INSTRUCTIONS FOR THE TASK
The answer must be an exact reprint of the lines from the one with "Boerderijdieren Tractor Genderneutraal" through the final line of the data, with no pictures included.

DATASET EXCERPT
..........

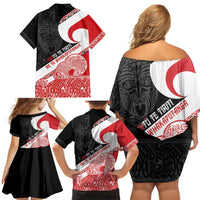 Toitu Te Tiriti Me Te Whakaputanga Family Matching Off Shoulder Short Dress and Hawaiian Shirt Maori Wahaika With Haka Face LT14 - Polynesian Pride
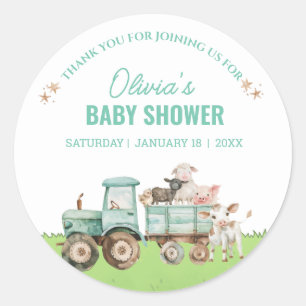 Boerderijdieren Tractor Genderneutraal Baby shower Ronde Sticker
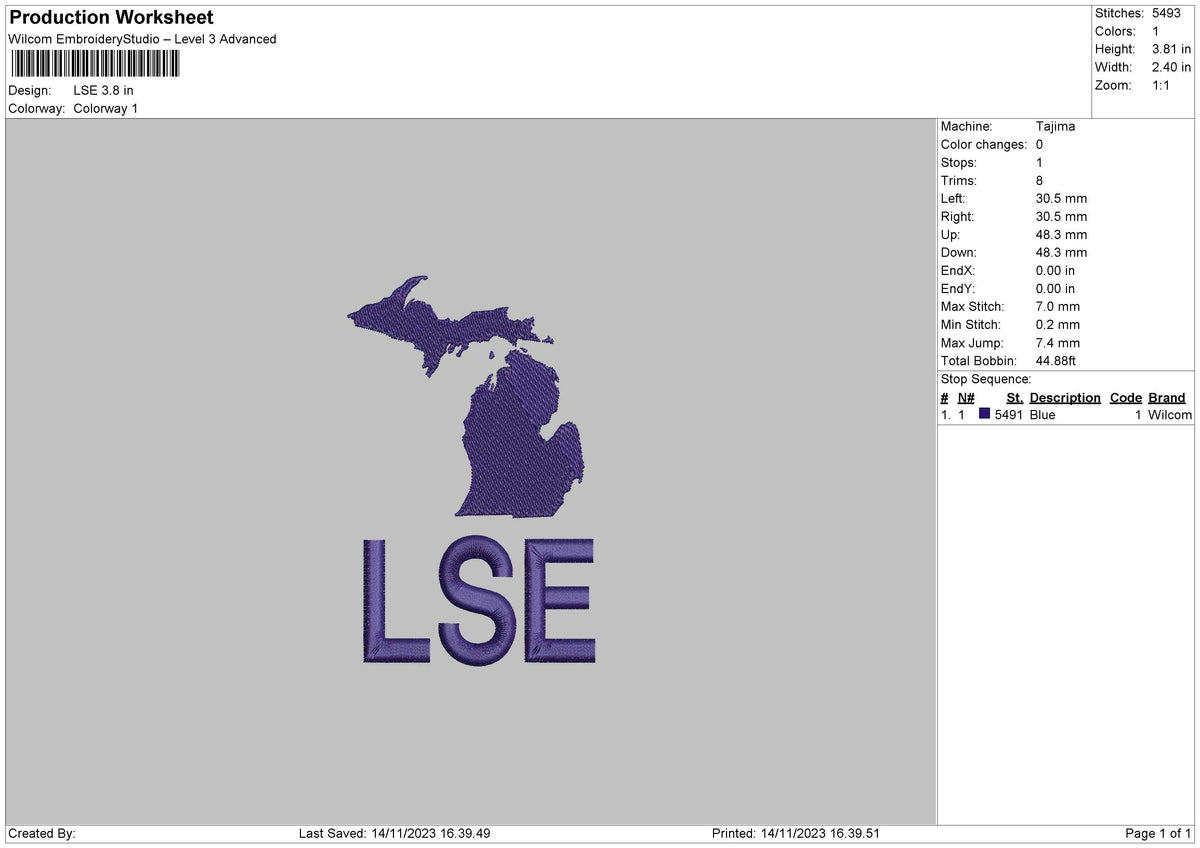 Lse Embroidery File 6 sizes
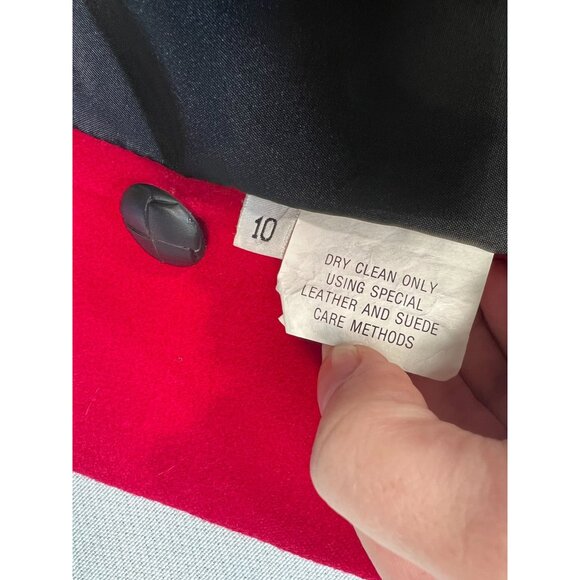 Charles Klein Women's Old Money Blazer Size 10 Red Black Velvet Collar - Picture 4 of 12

..........

WRITTEN ANSWER
 Boerderijdieren Tractor Genderneutraal Baby shower Ronde Sticker
 Lse Embroidery File 6 sizes
 Charles Klein Women's Old Money Blazer Size 10 Red Black Velvet Collar - Picture 4 of 12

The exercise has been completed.